Saved data entries
_ _ _ _ _

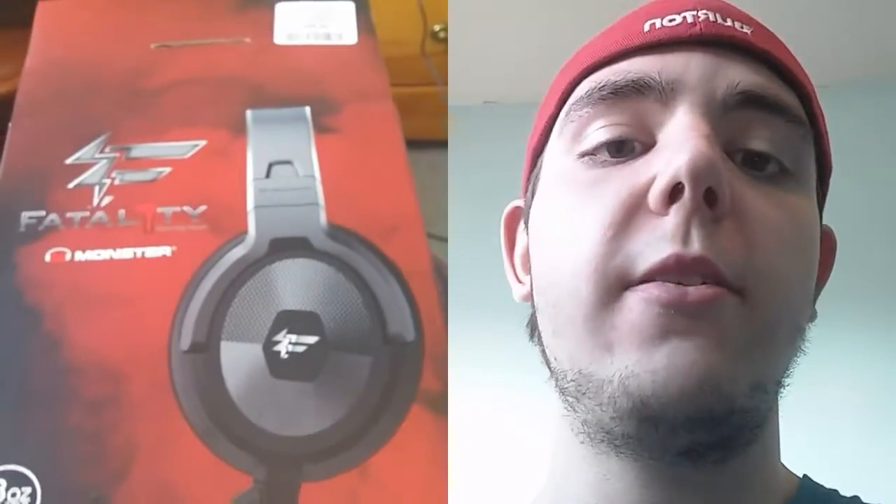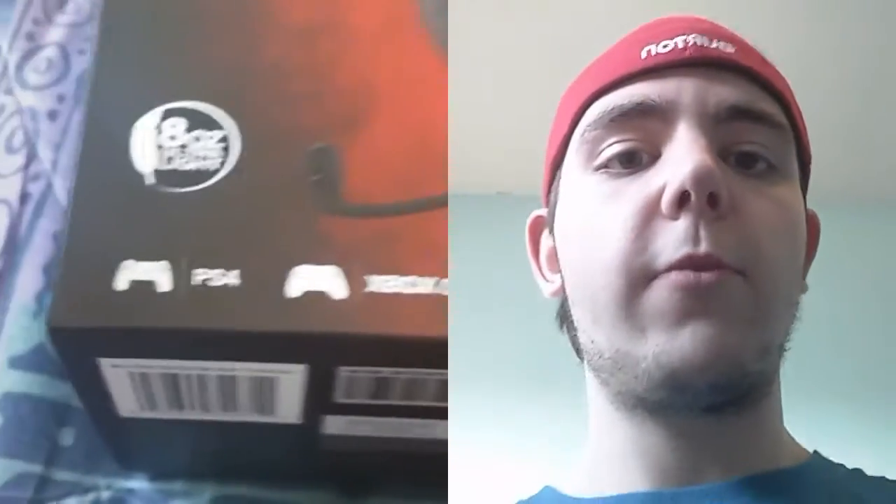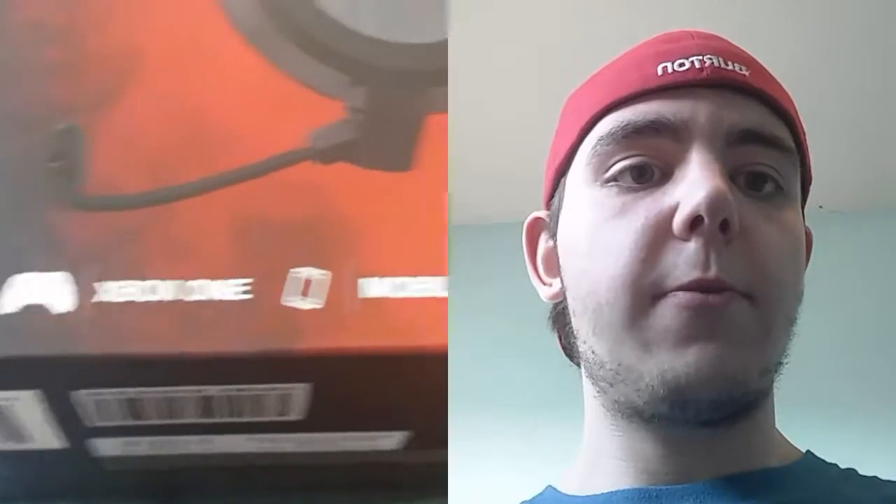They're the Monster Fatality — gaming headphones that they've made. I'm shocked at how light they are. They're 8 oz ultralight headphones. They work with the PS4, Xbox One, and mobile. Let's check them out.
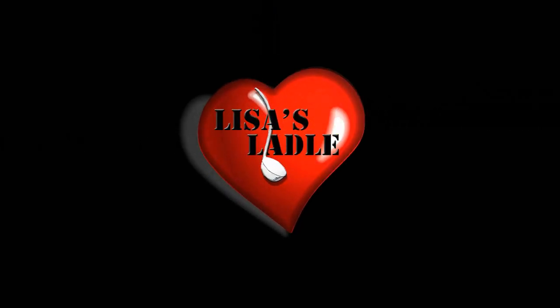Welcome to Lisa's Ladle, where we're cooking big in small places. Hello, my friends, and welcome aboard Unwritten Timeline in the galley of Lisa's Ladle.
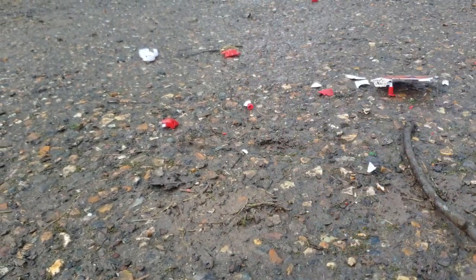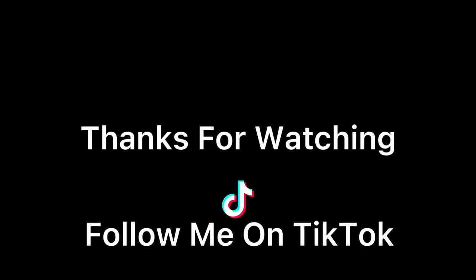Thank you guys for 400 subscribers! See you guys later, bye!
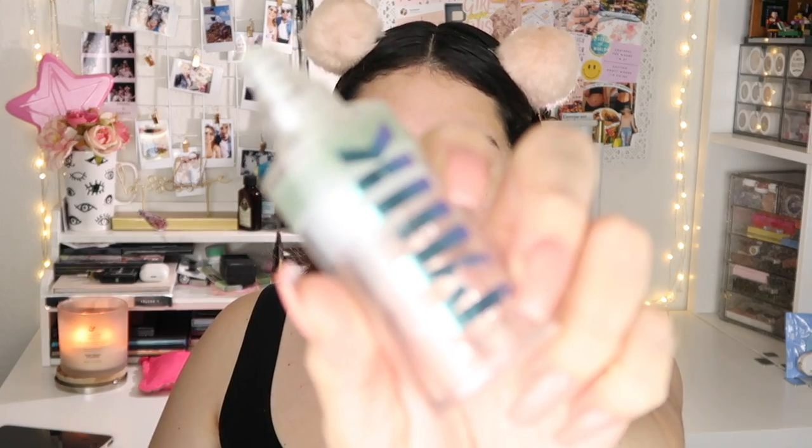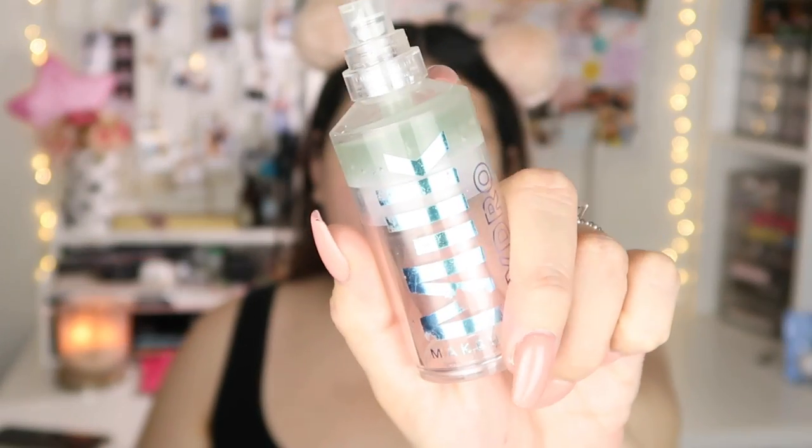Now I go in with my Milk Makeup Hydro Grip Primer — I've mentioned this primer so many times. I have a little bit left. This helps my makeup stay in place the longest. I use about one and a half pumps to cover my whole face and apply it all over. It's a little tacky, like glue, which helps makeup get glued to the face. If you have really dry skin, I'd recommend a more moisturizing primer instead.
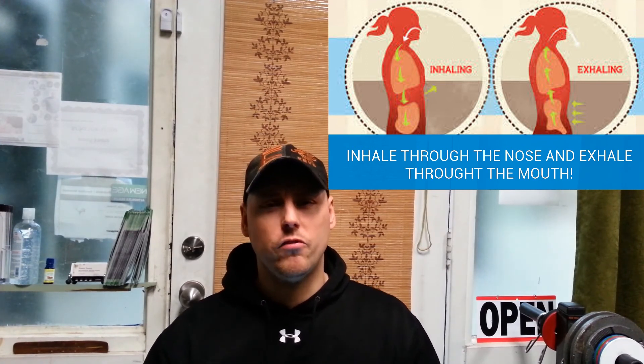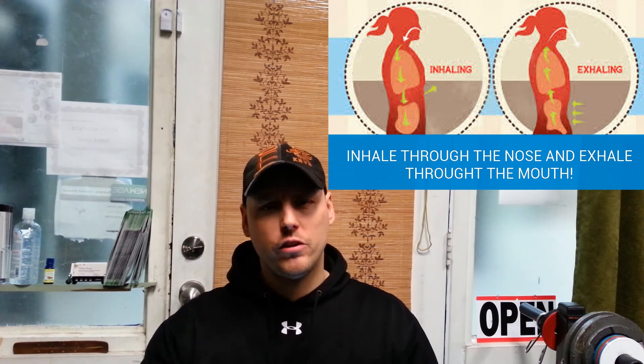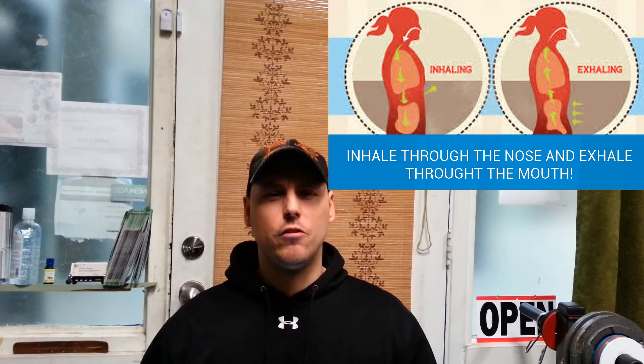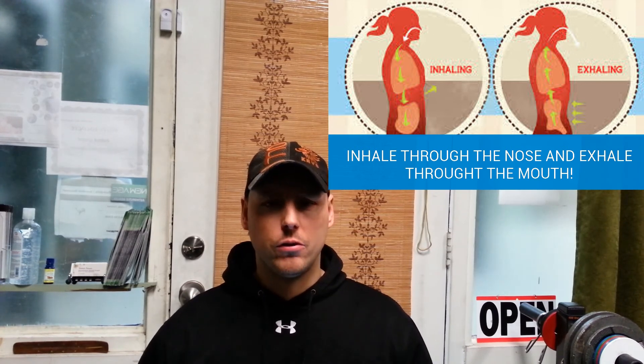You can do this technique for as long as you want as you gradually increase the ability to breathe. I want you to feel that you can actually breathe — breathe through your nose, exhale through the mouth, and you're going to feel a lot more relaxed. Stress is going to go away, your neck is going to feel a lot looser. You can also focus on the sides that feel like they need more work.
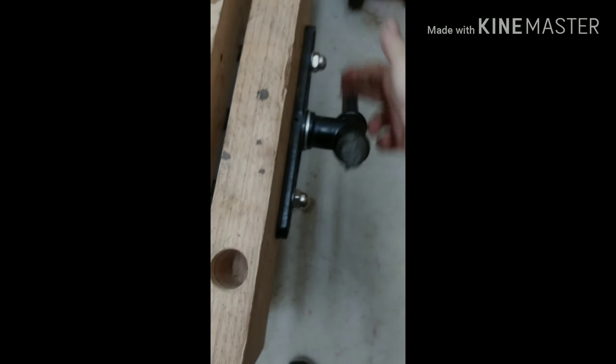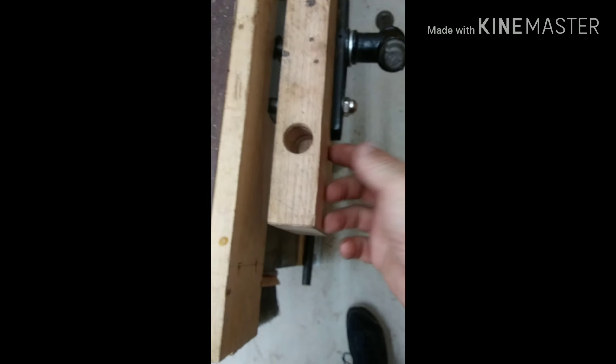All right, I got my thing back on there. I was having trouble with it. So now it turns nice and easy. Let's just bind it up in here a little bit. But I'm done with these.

_ _ _ _ _

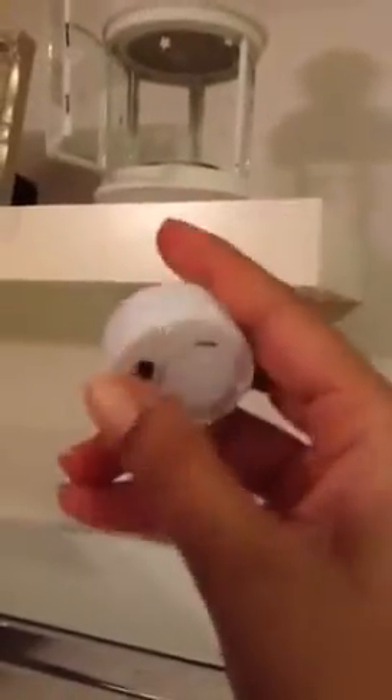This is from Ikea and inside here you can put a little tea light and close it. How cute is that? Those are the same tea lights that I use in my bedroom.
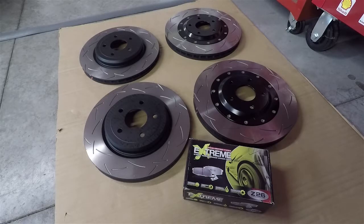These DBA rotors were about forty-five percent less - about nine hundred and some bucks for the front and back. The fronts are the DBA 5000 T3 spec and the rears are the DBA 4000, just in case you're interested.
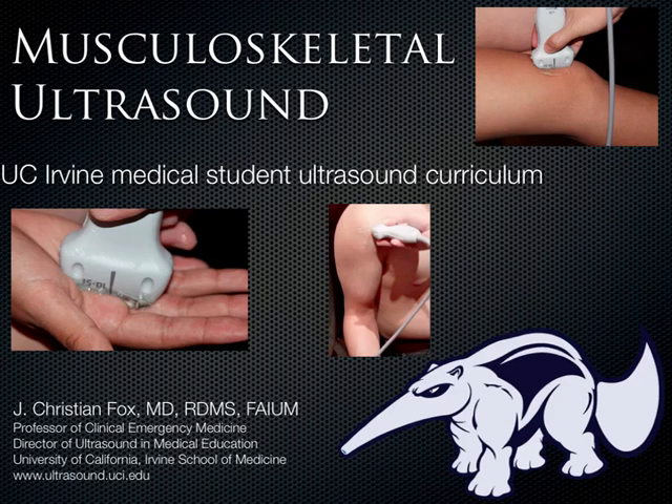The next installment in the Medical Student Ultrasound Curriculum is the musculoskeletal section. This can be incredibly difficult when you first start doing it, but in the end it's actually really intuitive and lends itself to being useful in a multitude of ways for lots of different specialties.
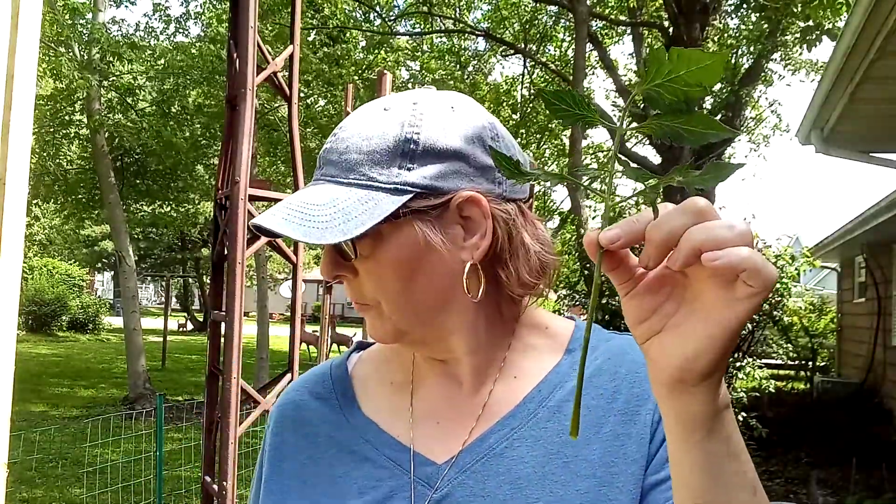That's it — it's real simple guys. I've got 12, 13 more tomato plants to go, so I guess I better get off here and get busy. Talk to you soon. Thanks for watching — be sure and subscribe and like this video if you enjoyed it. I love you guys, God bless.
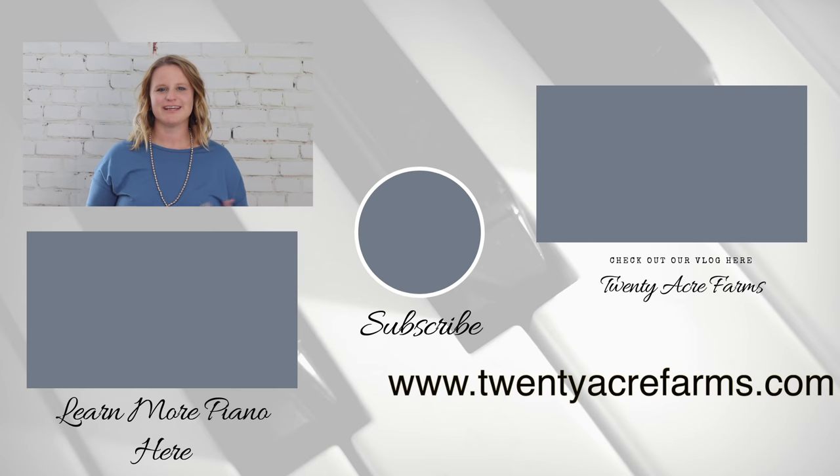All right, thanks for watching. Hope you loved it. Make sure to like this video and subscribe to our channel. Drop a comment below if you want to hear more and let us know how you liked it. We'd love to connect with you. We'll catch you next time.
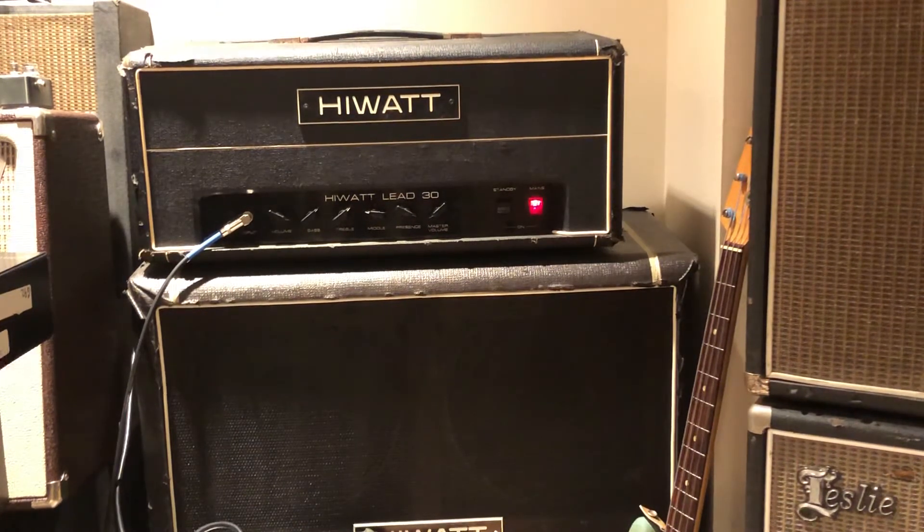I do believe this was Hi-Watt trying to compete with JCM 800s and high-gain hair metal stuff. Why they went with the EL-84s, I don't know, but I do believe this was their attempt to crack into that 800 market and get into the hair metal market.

_ _ _ _ _

◆ Assignment ◆
Using the records above, repeat exactly the run of lines that starts with the line with "They're the Monster" and goes on through the line with "All right, I"; omit each picture.

◆ Exercise solution ◆
They're the Monster Fatality — gaming headphones that they've made. I'm shocked at how light they are. They're 8 oz ultralight headphones. They work with the PS4, Xbox One, and mobile. Let's check them out.
Welcome to Lisa's Ladle, where we're cooking big in small places. Hello, my friends, and welcome aboard Unwritten Timeline in the galley of Lisa's Ladle.
Thank you guys for 400 subscribers! See you guys later, bye!
Now I go in with my Milk Makeup Hydro Grip Primer — I've mentioned this primer so many times. I have a little bit left. This helps my makeup stay in place the longest. I use about one and a half pumps to cover my whole face and apply it all over. It's a little tacky, like glue, which helps makeup get glued to the face. If you have really dry skin, I'd recommend a more moisturizing primer instead.
You can do this technique for as long as you want as you gradually increase the ability to breathe. I want you to feel that you can actually breathe — breathe through your nose, exhale through the mouth, and you're going to feel a lot more relaxed. Stress is going to go away, your neck is going to feel a lot looser. You can also focus on the sides that feel like they need more work.
All right, I got my thing back on there. I was having trouble with it. So now it turns nice and easy. Let's just bind it up in here a little bit. But I'm done with these.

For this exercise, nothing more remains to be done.